Being a Jew in the Israeli army is a liberating experience. Had there been an Israel with an Israeli army during World War II, it’s first priority would have been to rescue the Jews, to bring them home. They would have had a place to escape; a nation willing to accept them unconditionally and we would all be different. Elie might have a different name – he was named after his grandmother’s brother who was murdered just after Passover in 1944 by the Nazis. Newly married, he was pulled from his home. Unarmed, unable to defend himself. I know nothing of his personality; nothing of who he was before his death. Nothing remains but his name, which Elie carries, and perhaps a picture in an album.

Shmulik also carries the name of another of my husband’s brothers. He too died helpless and virtually alone. His last act was one of courage. He told his cousin to leave him in the forest when he didn’t have any more strength to go on. My Shmulik carries his name, and hopefully his courage and concern for others.

My youngest son carries the name of his grandfather, a Holocaust survivor who was able to go on with his life, marry and bring four children into the world. But all that he did and all that he was, remained shadowed, in part, by his experiences as a very young man during the Holocaust. In a very real sense, today’s Israeli soldiers too remain shadowed by the knowledge that once we as a people were helpless.

Yesterday, I stood at the Western Wall in Jerusalem, the last remaining part of what was once our Holy Temple and watched a ceremony attended by parents and family members, who welcomed back the boys who had gone to Poland. In a very real sense, they came back with so much to think about and so much to remember. Many waved the large Israeli flags they had taken to Poland and brought back home. They spoke briefly of what they had experienced, sang the Israeli national anthem with pride, and hugged each other and their parents throughout.

The motions were the same, the pats on the shoulders, the brief hugs. It was the same greeting Elie and his soldiers share each time they part and each time they return. A need to touch. A need to remember. Already, the shaping of the next soldier in our family has started.

In part, it began with an important lesson – once we were helpless. And it continued at the Western Wall – now we have a homeland again, and a state, and an army. As I stood there, with the Israeli flags gently swaying in the wind, my son and his friends standing there at attention as they spoke to those who had come to greet them, I thought – next year or soon after that, they will all be soldiers. It was a heart-wrenching moment for me, thinking of him that way and knowing that I have to find a way to prepare myself.

I had thought it would be easier, and maybe it will, now that Elie has paved the way. I guess we will all find that out. For now, I realized that these young men, tall and proud and so Israeli, had gone to Poland and returned. It reminded me of what our guide had told us moments before we entered the gas chambers in Maidanek.

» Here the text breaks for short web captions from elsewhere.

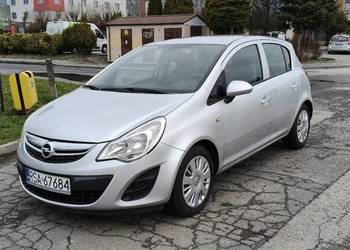 Opel corsa 1.2 benzyna polift
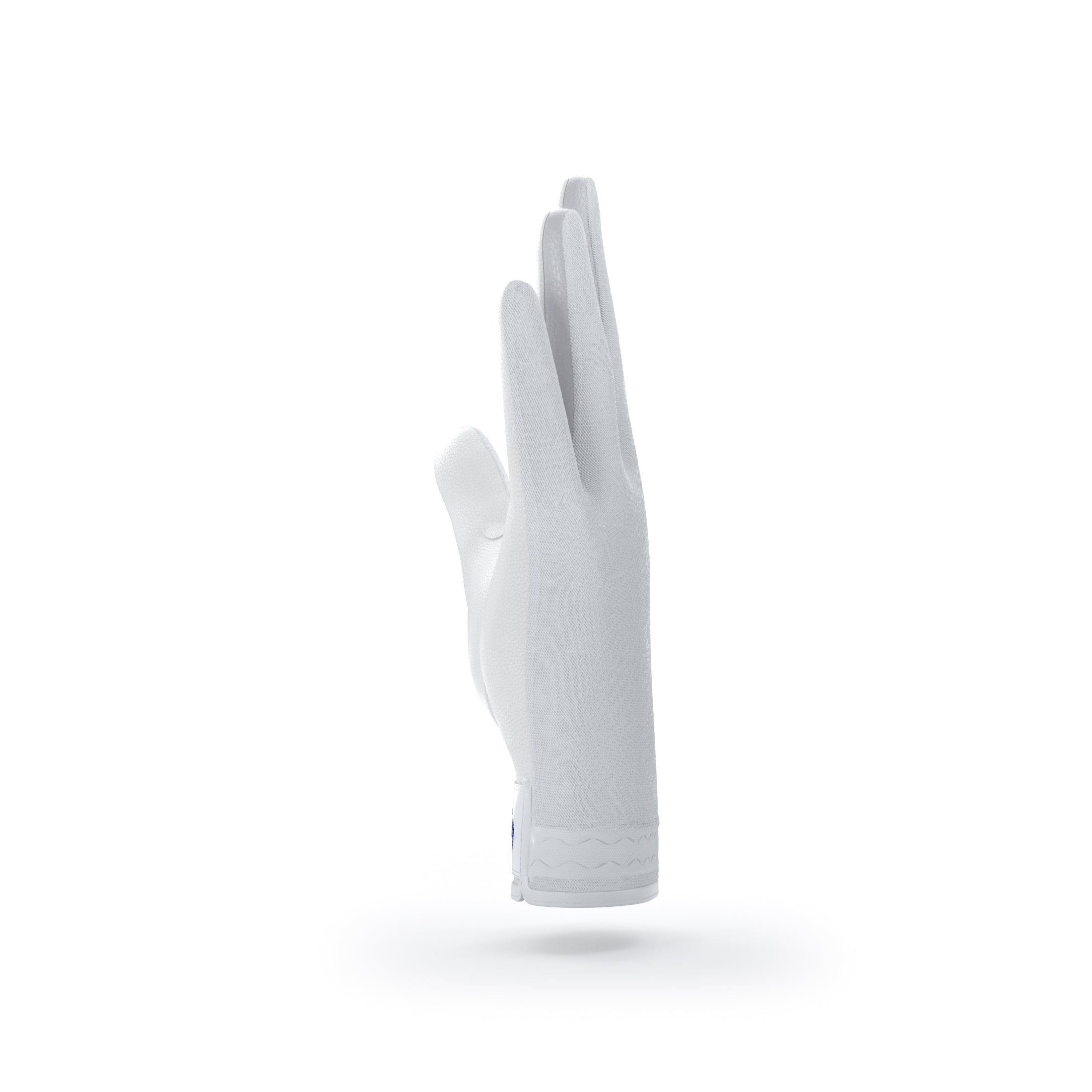 Tan-Through White  – Women’s Golf Glove for Even Tan image 2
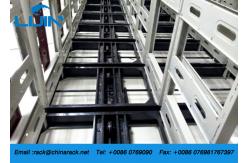 China Compactor Mobile Filing Cabinet Storage System For Office and Warehouse supplier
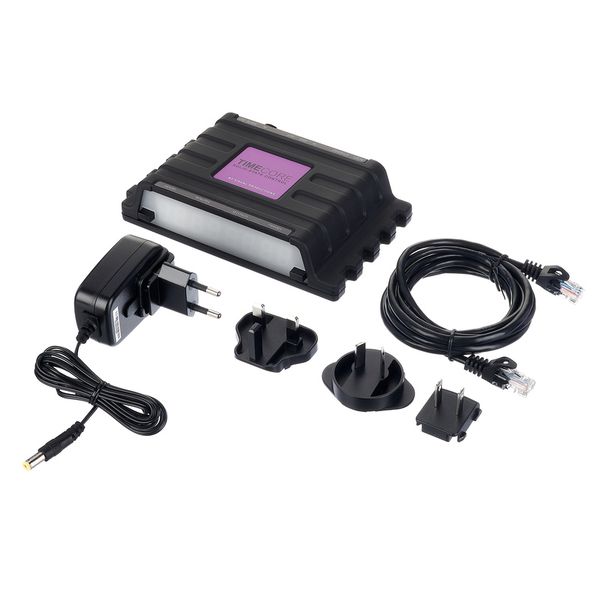 Visual Productions TimeCore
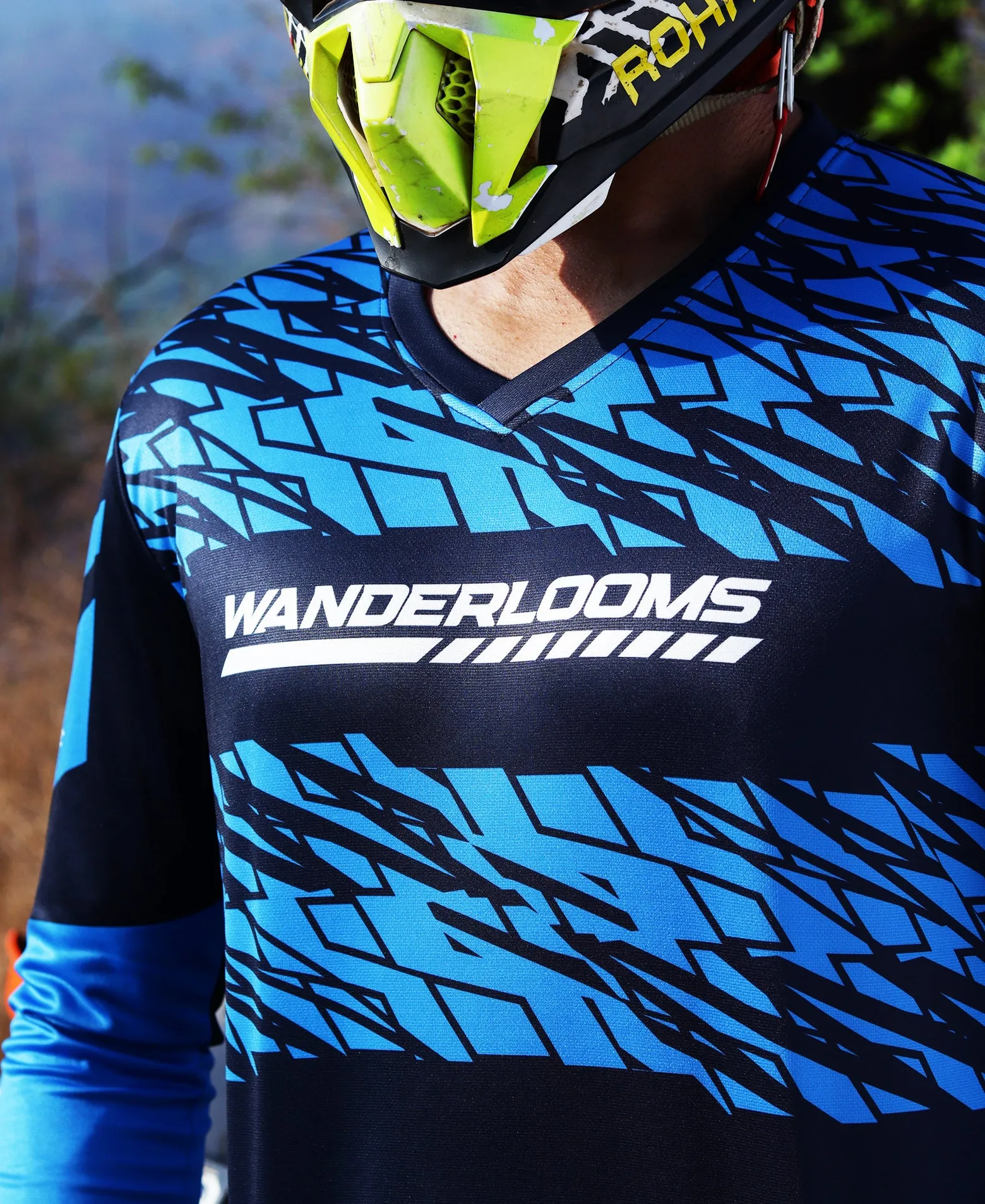 Trail Torque Riding Jersey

“Remember,” he said, “they went in and never came out. You will come out. You WILL come out.” My son came out of Poland – perhaps, a stronger Israeli and a stronger Jew and, perhaps in the future, he will be a stronger soldier in the Israeli army because of what he experienced these past 8 days. The evil he saw, the helplessness he confronted, the commitment he formed there to the future of his people.

2 Comments

  1. All my children went to Poland in either 11th or 12th grade. My elder son then returned to Poland five years later, this time as part of the Company commander’s course (kurs mem pei’im). He said that the experience was totally different and also that it was obvious which participants had been there before.

  2. Your entry has reminded me of what my landlady in Israel, a holocaust survivor, told me at a couple of occasions. She said that when her son – as a soldier – went to Poland he had her speak over the phone to the young men and women gathered there and that moment, she said, she realized that she had won. That living in a free Israel with a army of it’s own who’s members can go and see the places and RETURN, means she has won. She’s a winner.